Bolsonaro está equivocado quando diz que sexo “é coisa que papai e mamãe têm de ensinar em casa”.
Os americanos gostam de Natal. Mas gostam! Em todos os lugares em que você entra, inclusive em lojas, restaurantes e carros do Uber, tocam músicas de Natal. Em Boston, tem uma rádio que começa a tocar músicas de Natal em novembro e prossegue com a programação até janeiro – SÓ músicas de Natal. Só. Nada mais. Nunca pensei que houvesse tanta música de Natal no mundo. Pois aqui, nas franjas do Canadá, parece que todas as malditas rádios executam apenas e tão somente malditas músicas de Natal o tempo inteiro, sem clemência.
Você não vai acreditar: sabe aquelas vozes dos aplicativos de GPS, para a gente encontrar determinado endereço? Pois é: eles colocaram a voz do Papai Noel. O cara diz:
– Em um quarto de milha, vire à esquerda.
E acrescenta:
– Ho! Ho! Ho!
É muito Natal. O sino pequenino de Belém badala sem cessar, deixa o cara meio enfarado. Mas tem algo de que gostei: noite passada, estava na casa de uns amigos e alguém bateu à porta.
– São eles! – gritou Marina, a filhinha do casal, que tem cinco anos.
– Eles quem? – perguntei.
Ninguém respondeu. Levantaram-se e correram para a porta, tão animados quanto a menina. Fui atrás para ver o que era – era um grupo de crianças, cerca de 12. Elas estavam debaixo de gorros de Papai Noel e tinham entre nove e 13 anos de idade.

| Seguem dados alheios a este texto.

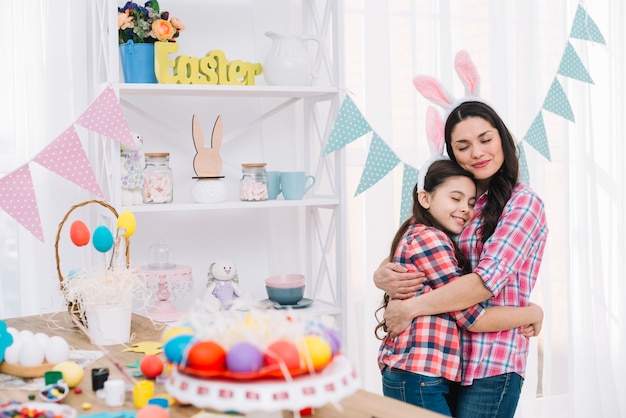 Colorful easter eggs in front of mother and daughter embracing each other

A menina da casa, Marina, saltitava de empolgação. Então, as crianças começaram a cantar músicas de Natal. Cantaram umas três, nós aplaudimos, elas nos deixaram uma caixa de docinhos e foram para a casa ao lado.
Você consegue imaginar pré-adolescentes brasileiros fazendo algo vagamente semelhante?
É o que noto também no Halloween. As crianças entram em fantasias e saem pela rua pedindo doces nas casas. Os moradores apresentam um pote de guloseimas, a criança colhe UMA bala, guarda em sua bolsa e vai para a casa seguinte. É uma festa bonita e inocente, impossível de acontecer no Brasil. Um pouco por causa das dolorosas questões da segurança pública, mas principalmente porque no Brasil a infância é curta.
Crianças de segunda infância, no Brasil, são pequenos adultos. São mais maliciosas e mais sexualizadas do que as dos Estados Unidos. Porque as culturas são diferentes: no Brasil, os costumes são mais frouxos.
Trata-se de uma situação irreversível. Não há volta. E é por isso que aulas de educação sexual são tão importantes no Brasil. Mais até do que nos Estados Unidos, onde ninguém contesta essa importância.
Bolsonaro está equivocado quando diz que sexo “é coisa que papai e mamãe têm de ensinar em casa”. Porque aulas de educação sexual não ensinam as crianças a fazer sexo. Ensinam as crianças sobre si mesmas, sobre alterações brutais que estão ocorrendo nos seus corpos e nas suas cabeças, sobre fatos que os pais delas, muitas vezes, não têm condições de ensinar.
Bolsonaro não é mal-intencionado, ele é confuso. Ele acredita que suprimir a educação sexual nas escolas tornará as crianças brasileiras mais inocentes, quando, na verdade, as tornará mais ignorantes. É um erro terrível. Porque poucas combinações são tão perigosas quanto o cruzamento da malícia com a ignorância.